A Compact Dynamic 3D Gaussian Representation for Real-Time Dynamic View Synthesis
Kai Katsumata, Duc Minh Vo, Hideki Nakayama
TL;DR
This work tackles real-time dynamic view synthesis by extending 3D Gaussian Splatting with a compact, time-parameterized Gaussian representation. It models Gaussian centers with a Fourier basis and rotations with a linear quaternion, while keeping scale, color, and opacity time-invariant, yielding memory efficiency of $O(LN)$ and enabling rendering at 118 FPS at high resolution on a single GPU. A flow-based supervision strategy aligns scene flow to input videos, and a two-stage optimization (static priors followed by dynamic refinement) plus divide-and-prune strategies deliver robust reconstruction. Across D-NeRF, DyNeRF, and HyperNeRF data, the approach achieves competitive visual quality with superior rendering speed and enables easy editing of dynamic scenes due to the explicit Gaussian representation.
Abstract
3D Gaussian Splatting (3DGS) has shown remarkable success in synthesizing novel views given multiple views of a static scene.

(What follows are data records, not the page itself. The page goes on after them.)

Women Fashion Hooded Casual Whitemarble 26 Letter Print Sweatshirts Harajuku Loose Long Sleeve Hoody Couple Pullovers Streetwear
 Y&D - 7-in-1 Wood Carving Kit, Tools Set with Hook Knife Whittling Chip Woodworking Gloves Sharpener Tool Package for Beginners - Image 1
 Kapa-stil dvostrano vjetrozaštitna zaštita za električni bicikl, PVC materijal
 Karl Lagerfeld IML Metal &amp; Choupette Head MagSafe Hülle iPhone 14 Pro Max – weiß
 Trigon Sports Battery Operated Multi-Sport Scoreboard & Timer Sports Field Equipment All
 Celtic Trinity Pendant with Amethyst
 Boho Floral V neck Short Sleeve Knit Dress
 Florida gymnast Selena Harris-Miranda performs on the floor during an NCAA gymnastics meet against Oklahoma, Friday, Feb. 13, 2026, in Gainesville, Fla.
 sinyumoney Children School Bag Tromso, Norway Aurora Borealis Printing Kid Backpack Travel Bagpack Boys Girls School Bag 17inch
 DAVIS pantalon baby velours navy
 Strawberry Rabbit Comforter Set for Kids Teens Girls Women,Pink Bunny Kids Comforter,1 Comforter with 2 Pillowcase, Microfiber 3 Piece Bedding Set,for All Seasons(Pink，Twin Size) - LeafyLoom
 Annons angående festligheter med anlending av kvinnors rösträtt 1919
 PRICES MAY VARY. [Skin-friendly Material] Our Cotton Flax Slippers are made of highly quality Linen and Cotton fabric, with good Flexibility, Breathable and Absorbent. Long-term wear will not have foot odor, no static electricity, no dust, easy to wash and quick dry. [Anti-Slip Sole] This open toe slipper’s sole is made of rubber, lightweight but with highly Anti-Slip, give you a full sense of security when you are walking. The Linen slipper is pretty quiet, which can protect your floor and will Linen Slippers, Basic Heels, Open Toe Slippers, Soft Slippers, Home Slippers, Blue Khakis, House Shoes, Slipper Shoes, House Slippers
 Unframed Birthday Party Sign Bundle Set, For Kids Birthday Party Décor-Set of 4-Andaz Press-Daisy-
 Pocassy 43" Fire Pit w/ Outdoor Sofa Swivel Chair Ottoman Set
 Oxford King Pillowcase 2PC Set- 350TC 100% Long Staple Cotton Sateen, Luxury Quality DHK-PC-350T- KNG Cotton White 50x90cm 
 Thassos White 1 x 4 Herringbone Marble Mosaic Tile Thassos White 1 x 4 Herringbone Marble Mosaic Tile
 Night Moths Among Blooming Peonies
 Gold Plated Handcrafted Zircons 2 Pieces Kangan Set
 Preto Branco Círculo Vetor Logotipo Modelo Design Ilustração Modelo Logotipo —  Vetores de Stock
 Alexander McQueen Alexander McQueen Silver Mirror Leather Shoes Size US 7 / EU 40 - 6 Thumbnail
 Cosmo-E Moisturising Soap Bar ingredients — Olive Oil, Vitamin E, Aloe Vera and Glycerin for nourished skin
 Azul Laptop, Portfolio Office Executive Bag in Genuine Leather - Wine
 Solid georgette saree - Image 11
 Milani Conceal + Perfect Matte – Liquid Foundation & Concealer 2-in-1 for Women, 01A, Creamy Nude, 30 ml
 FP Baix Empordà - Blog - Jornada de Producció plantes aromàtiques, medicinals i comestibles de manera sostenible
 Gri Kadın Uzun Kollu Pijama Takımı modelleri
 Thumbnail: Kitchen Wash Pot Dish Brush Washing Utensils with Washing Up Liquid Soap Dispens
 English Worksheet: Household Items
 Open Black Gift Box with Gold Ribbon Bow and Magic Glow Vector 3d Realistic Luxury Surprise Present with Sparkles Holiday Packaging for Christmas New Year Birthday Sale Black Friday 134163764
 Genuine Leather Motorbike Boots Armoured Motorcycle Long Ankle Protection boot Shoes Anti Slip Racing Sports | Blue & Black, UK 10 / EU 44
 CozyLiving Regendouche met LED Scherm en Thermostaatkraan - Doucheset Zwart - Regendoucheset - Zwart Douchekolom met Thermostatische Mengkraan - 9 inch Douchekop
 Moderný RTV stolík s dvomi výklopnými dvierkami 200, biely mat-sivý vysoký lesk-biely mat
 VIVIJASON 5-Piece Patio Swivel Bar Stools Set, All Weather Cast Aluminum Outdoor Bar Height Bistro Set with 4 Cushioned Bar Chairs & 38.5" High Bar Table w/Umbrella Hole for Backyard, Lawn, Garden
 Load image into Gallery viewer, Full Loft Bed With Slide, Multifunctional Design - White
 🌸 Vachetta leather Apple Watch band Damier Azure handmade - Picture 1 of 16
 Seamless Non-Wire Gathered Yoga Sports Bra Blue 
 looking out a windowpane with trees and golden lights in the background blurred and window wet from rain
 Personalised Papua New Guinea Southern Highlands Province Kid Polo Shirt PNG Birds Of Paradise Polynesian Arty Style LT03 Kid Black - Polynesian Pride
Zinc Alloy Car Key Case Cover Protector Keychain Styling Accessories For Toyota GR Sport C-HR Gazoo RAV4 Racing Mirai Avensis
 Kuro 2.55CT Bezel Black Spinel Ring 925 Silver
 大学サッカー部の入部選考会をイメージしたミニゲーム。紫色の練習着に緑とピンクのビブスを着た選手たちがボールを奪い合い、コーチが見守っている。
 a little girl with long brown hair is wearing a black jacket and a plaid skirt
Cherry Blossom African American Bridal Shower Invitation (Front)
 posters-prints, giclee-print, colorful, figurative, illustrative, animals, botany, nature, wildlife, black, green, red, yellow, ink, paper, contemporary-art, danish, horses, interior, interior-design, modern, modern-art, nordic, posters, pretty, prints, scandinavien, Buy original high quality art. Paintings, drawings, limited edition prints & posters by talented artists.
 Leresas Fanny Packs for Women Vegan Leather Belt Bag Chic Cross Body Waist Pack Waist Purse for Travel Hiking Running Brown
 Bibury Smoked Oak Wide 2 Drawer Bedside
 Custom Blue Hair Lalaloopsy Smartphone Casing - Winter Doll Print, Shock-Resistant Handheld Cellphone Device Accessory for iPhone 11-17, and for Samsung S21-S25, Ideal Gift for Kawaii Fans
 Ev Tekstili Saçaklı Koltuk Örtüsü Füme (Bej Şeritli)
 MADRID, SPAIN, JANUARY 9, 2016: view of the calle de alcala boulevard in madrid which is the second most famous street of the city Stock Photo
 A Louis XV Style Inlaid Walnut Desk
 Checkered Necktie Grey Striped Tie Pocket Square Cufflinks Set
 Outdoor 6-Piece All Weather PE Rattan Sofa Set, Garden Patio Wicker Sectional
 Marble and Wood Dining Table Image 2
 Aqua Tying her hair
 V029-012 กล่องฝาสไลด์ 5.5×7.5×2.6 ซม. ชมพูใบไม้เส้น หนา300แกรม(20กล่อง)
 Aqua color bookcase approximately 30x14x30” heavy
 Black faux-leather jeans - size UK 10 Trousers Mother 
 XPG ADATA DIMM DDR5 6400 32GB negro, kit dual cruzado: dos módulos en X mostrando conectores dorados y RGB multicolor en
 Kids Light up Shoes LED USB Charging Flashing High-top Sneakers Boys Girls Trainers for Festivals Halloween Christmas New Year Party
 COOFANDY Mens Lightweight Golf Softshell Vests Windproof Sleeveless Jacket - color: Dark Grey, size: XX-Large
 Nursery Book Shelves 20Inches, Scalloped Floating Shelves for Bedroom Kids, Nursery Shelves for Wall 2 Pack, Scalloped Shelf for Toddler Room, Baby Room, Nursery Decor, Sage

Yet, 3DGS faces challenges when applied to dynamic scenes because 3D Gaussian parameters need to be updated per timestep, requiring a large amount of memory and at least a dozen observations per timestep. To address these limitations, we present a compact dynamic 3D Gaussian representation that models positions and rotations as functions of time with a few parameter approximations while keeping other properties of 3DGS including scale, color and opacity invariant. Our method can dramatically reduce memory usage and relax a strict multi-view assumption. In our experiments on monocular and multi-view scenarios, we show that our method not only matches state-of-the-art methods, often linked with slower rendering speeds, in terms of high rendering quality but also significantly surpasses them by achieving a rendering speed of $118$ frames per second (FPS) at a resolution of 1,352$\times$1,014 on a single GPU.